▸ **RAW DATA**
[Start of section]
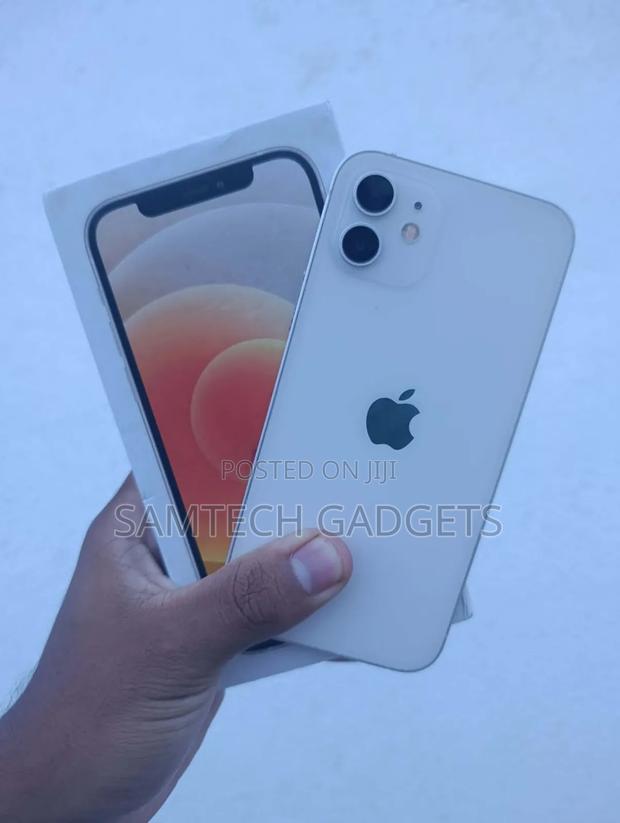 Apple iPhone 12 128 GB White - main view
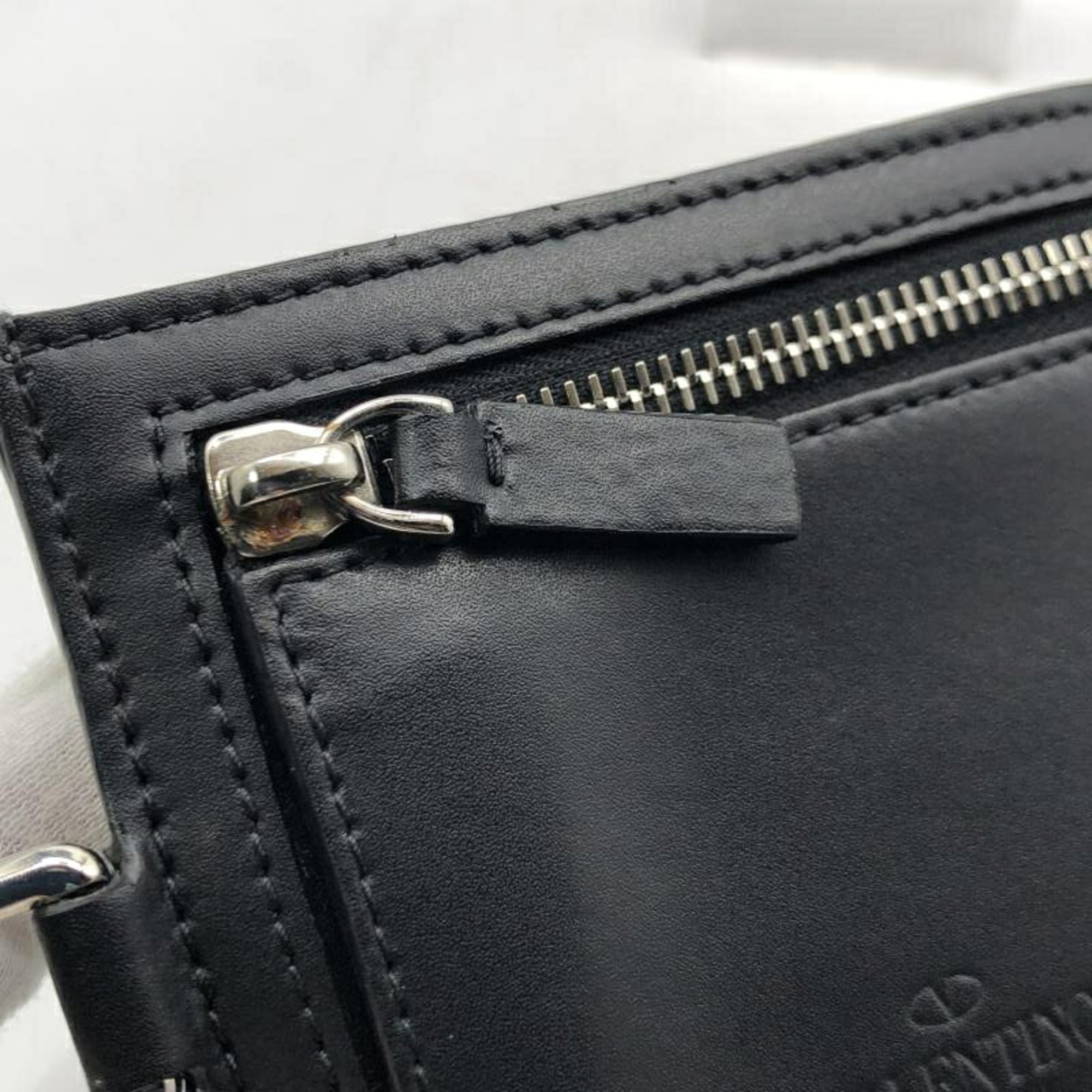 Valentino Garavani Black Chain/Shoulder Wallet (Pre-Owned)
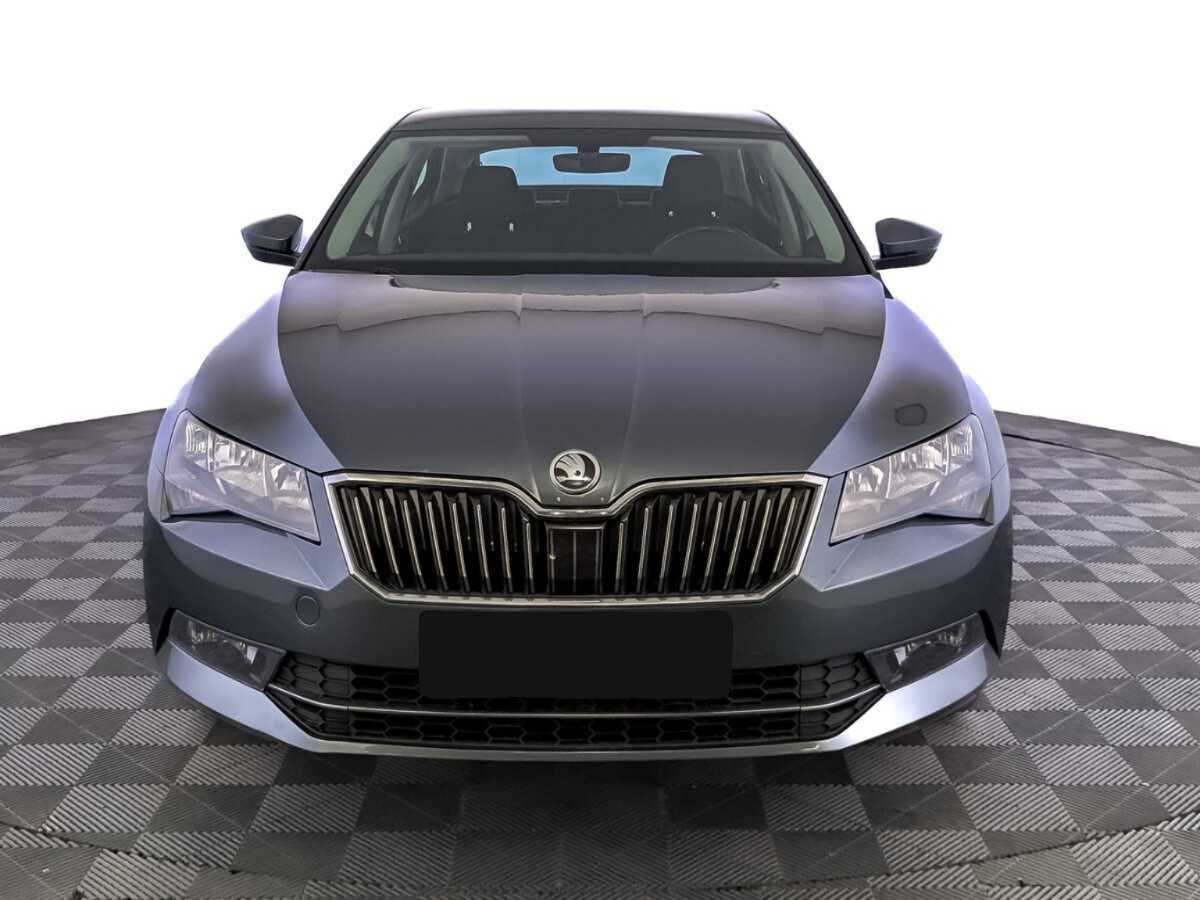 Skoda Superb б/у, 2018, Роботизированная. Фото: #1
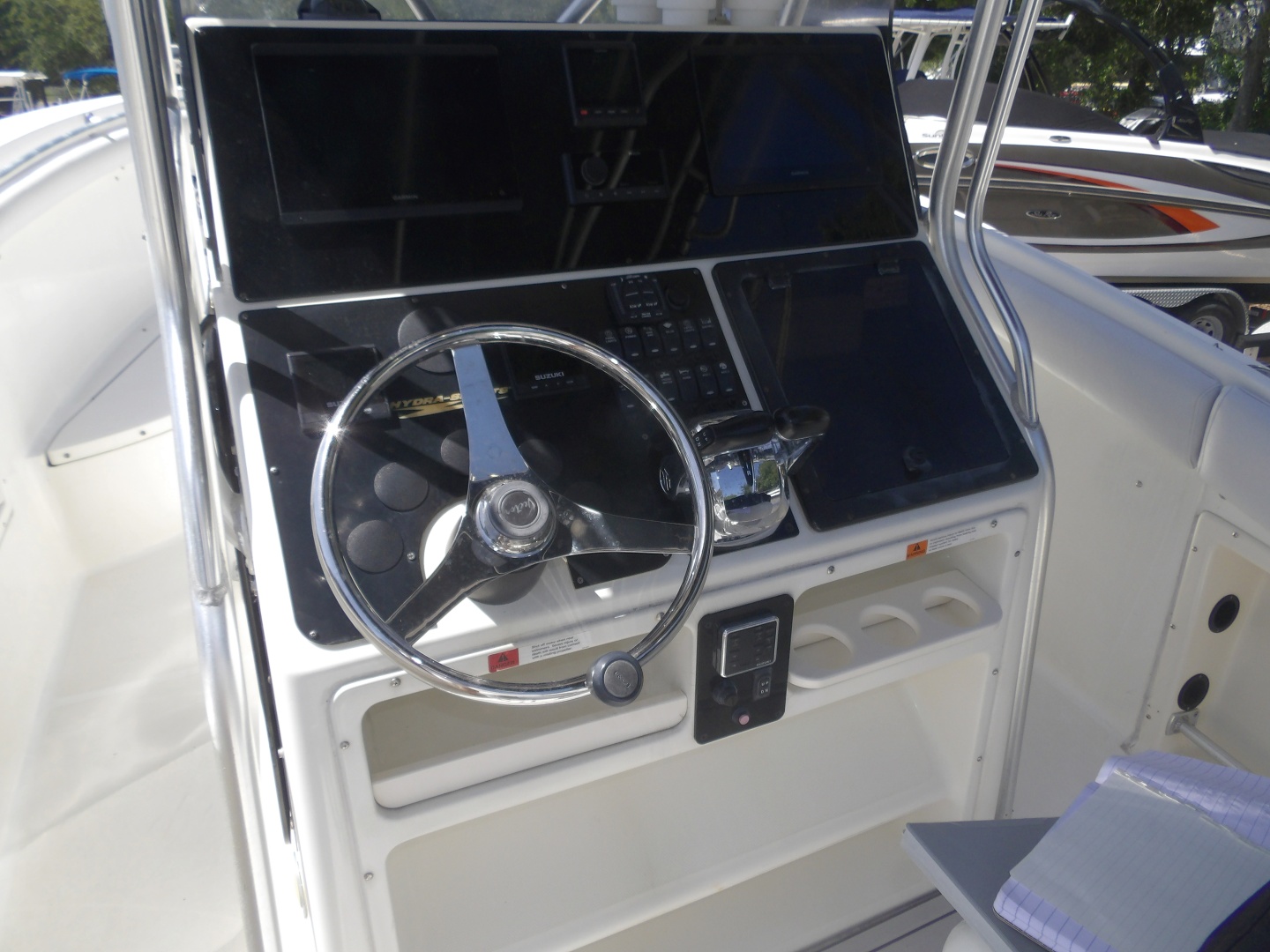 25ft Hydra Sports Yacht For Sale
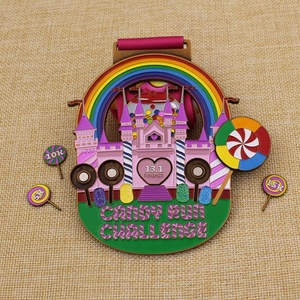 Médaille professionnelle personnalisée en émail doux arc-en-ciel paillettes bonbons course défi avec château - Product Image 4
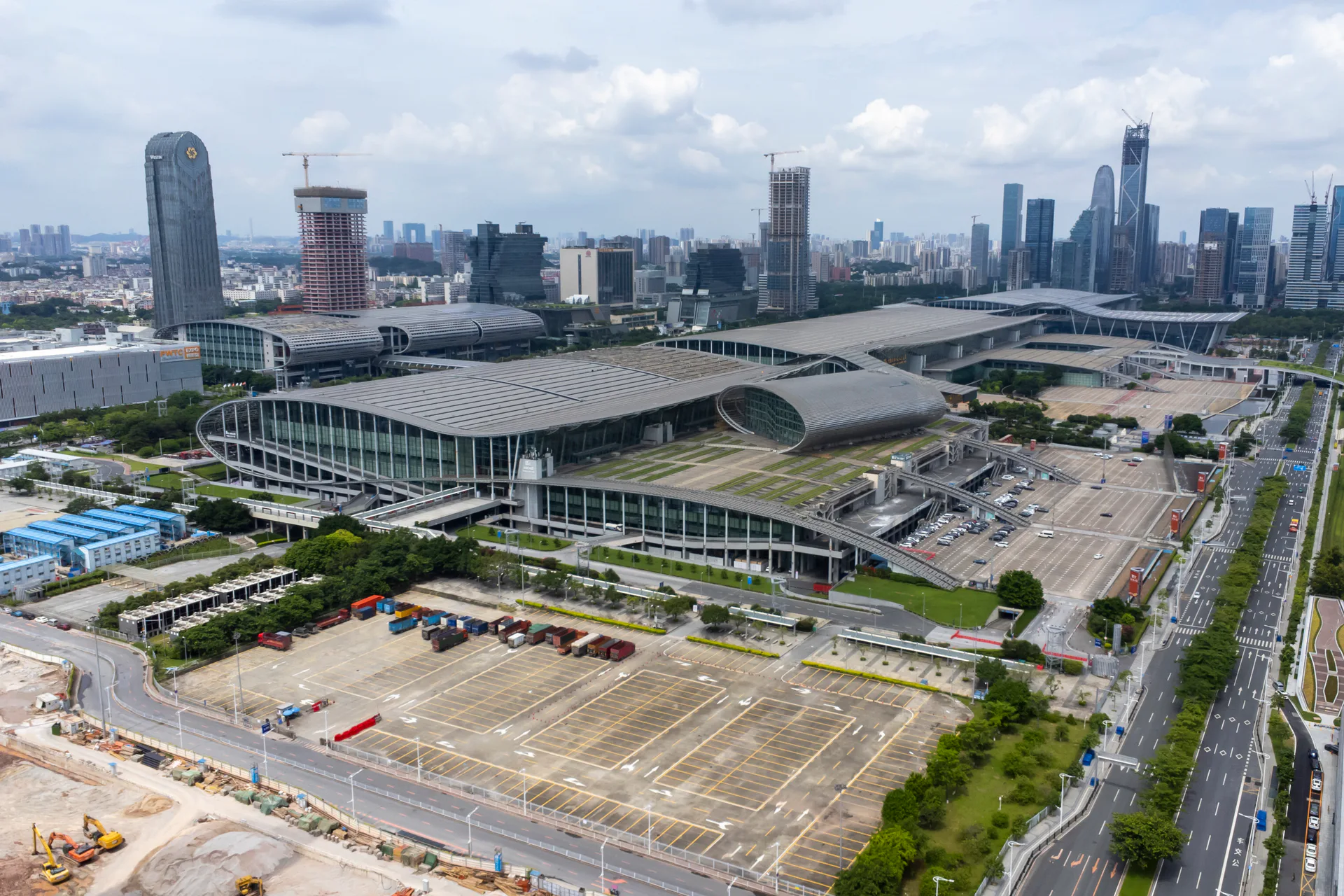Canton Fair Zone B yapılarının havadan görünümü
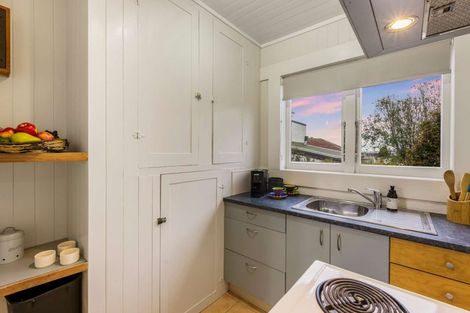 Photo of property in 19 Tirimoana Road, Te Atatu South, Auckland, 0602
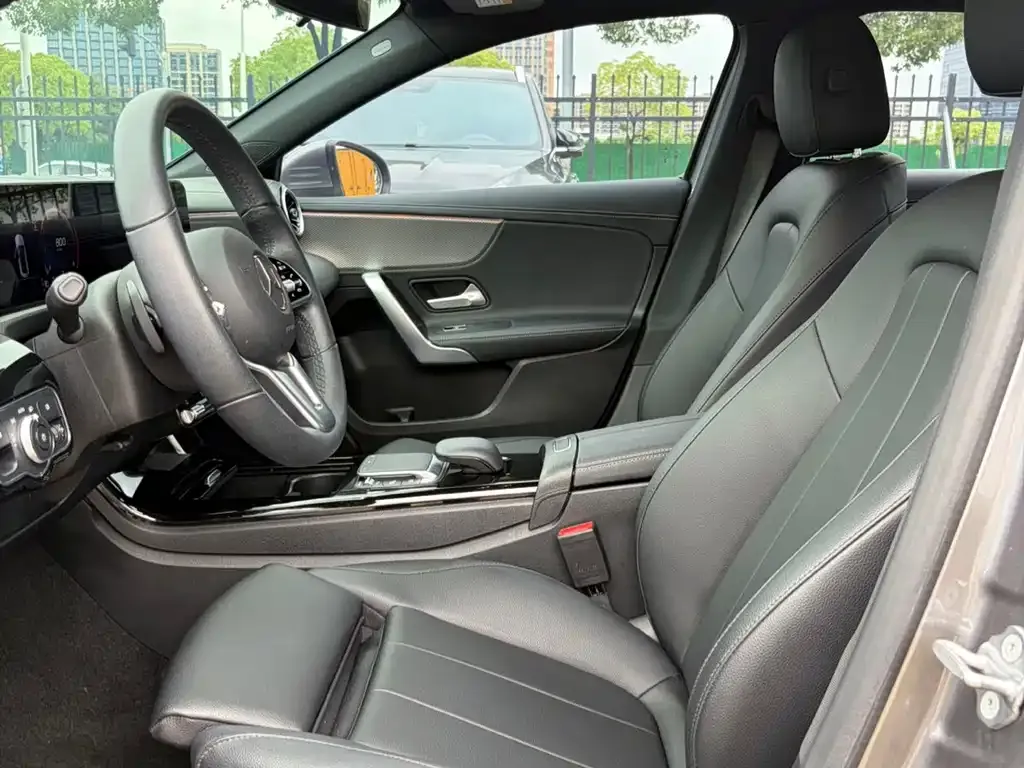 Mercedes-Benz A-Class — фото 10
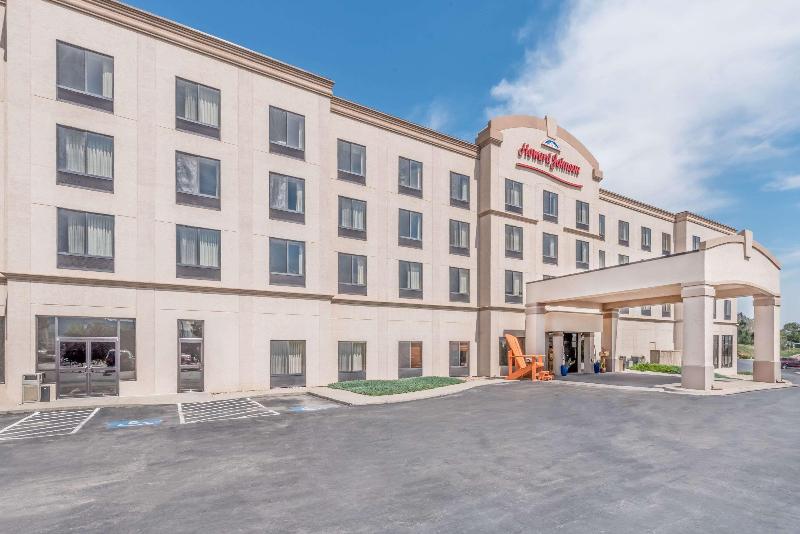 בית מלון כפרי Elevation Inn & Suites, Trademark Collection By Wyndham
[End of section]
▸ **PROBLEM DETAILS**
Exactly the lines from the one containing "25ft Hydra Sports Yacht For Sale" through the last line of the material above, both included and free of pictures, should make up your answer, please.

▸ **SOLUTION TO THIS PROBLEM**
 25ft Hydra Sports Yacht For Sale
 Médaille professionnelle personnalisée en émail doux arc-en-ciel paillettes bonbons course défi avec château - Product Image 4
Canton Fair Zone B yapılarının havadan görünümü
 Photo of property in 19 Tirimoana Road, Te Atatu South, Auckland, 0602
 Mercedes-Benz A-Class — фото 10
 בית מלון כפרי Elevation Inn & Suites, Trademark Collection By Wyndham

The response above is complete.